» Available data
■ ■ ■ ■

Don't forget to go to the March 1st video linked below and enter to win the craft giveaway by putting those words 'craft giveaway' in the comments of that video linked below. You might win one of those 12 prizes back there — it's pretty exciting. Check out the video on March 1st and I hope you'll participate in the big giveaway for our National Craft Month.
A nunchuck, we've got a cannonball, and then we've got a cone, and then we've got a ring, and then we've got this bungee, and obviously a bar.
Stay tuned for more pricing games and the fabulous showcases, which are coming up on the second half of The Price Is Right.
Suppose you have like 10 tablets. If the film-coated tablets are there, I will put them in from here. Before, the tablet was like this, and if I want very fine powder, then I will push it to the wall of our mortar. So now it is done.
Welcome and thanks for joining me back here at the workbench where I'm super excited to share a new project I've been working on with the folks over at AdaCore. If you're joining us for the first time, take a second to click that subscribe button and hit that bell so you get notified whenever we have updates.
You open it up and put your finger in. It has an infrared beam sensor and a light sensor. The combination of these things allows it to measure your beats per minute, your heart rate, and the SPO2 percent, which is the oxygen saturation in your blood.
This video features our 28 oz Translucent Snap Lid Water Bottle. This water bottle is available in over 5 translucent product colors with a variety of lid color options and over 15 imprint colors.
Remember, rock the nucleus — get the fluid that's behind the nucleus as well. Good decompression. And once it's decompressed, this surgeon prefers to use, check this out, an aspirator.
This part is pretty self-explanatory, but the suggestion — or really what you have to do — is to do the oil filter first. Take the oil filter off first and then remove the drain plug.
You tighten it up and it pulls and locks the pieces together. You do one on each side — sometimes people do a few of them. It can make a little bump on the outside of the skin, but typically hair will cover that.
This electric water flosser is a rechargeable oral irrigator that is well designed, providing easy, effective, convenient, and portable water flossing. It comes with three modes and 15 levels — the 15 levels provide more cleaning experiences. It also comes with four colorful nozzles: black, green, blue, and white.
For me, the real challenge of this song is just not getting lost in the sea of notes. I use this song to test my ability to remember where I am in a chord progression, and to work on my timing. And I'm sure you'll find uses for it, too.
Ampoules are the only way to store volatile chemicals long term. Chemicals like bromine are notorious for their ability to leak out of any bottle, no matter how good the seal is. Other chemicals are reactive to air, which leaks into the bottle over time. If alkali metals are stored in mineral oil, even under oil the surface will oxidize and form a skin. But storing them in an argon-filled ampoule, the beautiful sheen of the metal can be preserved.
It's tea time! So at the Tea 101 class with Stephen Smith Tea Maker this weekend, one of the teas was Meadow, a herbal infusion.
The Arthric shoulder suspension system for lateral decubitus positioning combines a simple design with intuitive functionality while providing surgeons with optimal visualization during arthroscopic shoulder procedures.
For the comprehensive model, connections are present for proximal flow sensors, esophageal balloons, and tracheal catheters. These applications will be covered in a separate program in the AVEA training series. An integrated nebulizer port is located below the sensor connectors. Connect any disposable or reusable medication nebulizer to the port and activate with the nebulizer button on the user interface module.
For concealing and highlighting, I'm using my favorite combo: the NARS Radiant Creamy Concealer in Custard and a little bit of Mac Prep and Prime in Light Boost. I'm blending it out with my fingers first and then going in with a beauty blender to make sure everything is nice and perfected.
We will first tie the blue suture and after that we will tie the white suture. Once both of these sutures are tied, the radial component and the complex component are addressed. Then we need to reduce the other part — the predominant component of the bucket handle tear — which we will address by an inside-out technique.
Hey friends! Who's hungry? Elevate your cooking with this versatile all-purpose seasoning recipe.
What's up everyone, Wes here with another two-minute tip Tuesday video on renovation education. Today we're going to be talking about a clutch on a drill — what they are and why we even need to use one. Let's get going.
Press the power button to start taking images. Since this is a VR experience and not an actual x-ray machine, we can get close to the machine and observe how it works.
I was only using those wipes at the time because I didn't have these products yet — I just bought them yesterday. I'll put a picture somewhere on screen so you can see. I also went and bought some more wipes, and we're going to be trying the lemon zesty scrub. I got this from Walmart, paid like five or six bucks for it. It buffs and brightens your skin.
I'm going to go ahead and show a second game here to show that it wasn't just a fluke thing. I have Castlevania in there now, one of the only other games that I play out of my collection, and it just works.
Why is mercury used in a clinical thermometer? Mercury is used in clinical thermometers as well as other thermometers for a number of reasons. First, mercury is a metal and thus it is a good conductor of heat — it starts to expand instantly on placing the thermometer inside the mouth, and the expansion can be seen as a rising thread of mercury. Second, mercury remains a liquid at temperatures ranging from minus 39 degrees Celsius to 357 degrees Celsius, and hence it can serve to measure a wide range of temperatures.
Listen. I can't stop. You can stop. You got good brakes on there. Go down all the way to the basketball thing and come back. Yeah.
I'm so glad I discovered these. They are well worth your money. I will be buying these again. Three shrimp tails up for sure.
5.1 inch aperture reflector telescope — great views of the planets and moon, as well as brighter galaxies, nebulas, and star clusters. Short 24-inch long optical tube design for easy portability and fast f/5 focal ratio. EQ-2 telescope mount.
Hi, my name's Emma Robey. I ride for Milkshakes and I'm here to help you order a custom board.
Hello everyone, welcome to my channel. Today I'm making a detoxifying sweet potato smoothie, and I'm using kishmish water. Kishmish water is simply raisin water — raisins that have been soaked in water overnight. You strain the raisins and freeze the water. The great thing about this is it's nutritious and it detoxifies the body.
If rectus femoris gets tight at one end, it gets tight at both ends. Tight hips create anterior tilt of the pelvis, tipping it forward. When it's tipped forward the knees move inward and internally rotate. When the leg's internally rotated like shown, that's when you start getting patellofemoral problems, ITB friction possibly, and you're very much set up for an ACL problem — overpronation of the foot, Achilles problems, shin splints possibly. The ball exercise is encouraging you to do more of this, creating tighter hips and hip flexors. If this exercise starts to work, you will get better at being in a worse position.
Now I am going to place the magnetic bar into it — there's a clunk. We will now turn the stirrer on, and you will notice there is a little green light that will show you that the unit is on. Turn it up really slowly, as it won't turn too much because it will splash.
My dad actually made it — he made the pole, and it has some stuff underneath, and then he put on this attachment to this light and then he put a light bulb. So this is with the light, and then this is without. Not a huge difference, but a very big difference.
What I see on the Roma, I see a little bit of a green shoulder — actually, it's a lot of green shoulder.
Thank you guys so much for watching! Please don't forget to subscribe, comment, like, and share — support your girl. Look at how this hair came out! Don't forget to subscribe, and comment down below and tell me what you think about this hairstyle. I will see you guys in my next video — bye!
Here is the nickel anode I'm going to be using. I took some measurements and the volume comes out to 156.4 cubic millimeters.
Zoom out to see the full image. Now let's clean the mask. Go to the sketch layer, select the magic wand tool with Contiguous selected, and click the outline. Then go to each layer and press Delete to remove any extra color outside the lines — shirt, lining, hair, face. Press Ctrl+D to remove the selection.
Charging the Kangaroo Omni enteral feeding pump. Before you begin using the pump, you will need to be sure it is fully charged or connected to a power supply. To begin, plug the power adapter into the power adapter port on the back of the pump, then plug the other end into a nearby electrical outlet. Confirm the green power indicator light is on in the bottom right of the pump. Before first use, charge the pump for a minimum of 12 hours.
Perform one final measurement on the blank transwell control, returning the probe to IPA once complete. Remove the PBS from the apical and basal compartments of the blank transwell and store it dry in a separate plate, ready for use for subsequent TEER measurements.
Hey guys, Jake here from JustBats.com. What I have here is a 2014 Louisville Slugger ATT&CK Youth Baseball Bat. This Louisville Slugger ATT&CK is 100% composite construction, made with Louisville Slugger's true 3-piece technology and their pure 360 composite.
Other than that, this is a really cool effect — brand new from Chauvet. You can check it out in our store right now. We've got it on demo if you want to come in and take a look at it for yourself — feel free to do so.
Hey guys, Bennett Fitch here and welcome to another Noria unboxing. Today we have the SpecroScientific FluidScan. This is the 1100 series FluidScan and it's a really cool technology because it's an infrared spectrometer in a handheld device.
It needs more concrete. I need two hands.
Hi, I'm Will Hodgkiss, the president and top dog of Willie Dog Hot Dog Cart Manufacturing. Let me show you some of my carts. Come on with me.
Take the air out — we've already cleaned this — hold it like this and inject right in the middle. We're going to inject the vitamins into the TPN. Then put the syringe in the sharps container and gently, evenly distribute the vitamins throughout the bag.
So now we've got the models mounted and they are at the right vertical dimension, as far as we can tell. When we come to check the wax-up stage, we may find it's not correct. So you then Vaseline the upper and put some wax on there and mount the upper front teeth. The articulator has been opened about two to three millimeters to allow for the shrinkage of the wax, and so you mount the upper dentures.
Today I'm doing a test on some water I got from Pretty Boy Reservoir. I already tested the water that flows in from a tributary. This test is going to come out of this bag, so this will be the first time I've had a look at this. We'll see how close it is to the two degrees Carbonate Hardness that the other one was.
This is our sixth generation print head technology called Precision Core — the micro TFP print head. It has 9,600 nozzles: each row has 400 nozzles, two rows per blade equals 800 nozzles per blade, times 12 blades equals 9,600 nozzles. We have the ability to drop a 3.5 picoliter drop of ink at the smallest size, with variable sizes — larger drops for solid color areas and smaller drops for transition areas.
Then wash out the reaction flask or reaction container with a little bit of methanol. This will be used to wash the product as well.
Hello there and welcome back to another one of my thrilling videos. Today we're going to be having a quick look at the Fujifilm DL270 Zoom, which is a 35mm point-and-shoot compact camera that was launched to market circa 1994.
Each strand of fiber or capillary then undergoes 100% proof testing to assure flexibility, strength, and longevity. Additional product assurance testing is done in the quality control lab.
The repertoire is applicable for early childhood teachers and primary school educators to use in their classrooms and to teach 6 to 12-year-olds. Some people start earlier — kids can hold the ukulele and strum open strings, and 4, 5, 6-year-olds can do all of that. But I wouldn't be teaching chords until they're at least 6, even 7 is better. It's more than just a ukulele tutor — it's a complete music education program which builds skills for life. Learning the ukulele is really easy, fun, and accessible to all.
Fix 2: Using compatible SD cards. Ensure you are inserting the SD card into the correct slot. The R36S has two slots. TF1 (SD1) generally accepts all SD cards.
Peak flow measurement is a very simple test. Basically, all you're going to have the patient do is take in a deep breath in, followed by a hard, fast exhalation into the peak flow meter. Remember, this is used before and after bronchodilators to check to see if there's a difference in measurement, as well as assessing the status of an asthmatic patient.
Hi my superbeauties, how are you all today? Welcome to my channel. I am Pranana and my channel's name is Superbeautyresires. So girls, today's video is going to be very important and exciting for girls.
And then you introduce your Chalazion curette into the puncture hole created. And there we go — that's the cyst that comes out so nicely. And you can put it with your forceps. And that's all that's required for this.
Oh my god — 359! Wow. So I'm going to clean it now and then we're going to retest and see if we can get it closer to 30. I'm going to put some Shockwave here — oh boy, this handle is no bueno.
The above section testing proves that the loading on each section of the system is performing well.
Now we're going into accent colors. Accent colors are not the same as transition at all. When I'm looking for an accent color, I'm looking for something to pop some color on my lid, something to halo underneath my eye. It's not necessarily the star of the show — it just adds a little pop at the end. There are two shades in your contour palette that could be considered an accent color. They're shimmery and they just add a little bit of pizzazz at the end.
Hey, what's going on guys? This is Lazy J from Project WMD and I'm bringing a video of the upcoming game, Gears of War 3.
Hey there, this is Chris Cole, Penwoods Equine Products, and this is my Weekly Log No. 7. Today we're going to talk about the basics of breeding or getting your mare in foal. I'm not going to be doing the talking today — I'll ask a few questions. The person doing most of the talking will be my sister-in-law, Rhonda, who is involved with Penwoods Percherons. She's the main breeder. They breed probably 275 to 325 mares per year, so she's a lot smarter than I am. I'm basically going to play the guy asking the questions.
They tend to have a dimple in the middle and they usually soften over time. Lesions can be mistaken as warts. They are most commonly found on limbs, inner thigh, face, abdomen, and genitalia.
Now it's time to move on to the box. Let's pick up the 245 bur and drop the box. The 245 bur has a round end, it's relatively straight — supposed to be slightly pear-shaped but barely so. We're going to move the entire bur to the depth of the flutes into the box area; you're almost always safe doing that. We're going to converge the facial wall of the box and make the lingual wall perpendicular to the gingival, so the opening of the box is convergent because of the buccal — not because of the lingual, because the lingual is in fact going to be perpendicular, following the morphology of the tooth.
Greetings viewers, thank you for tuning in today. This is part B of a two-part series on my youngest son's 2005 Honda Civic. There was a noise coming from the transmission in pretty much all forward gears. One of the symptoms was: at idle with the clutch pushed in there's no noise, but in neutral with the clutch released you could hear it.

■ ■ ■ ■

» What needs to be done
Please transcribe exactly the lines above from the line that has "So now we've" up to and including the line that has "Today I'm doing"; no other line belongs in the answer.

» Completed exercise
So now we've got the models mounted and they are at the right vertical dimension, as far as we can tell. When we come to check the wax-up stage, we may find it's not correct. So you then Vaseline the upper and put some wax on there and mount the upper front teeth. The articulator has been opened about two to three millimeters to allow for the shrinkage of the wax, and so you mount the upper dentures.
Today I'm doing a test on some water I got from Pretty Boy Reservoir. I already tested the water that flows in from a tributary. This test is going to come out of this bag, so this will be the first time I've had a look at this. We'll see how close it is to the two degrees Carbonate Hardness that the other one was.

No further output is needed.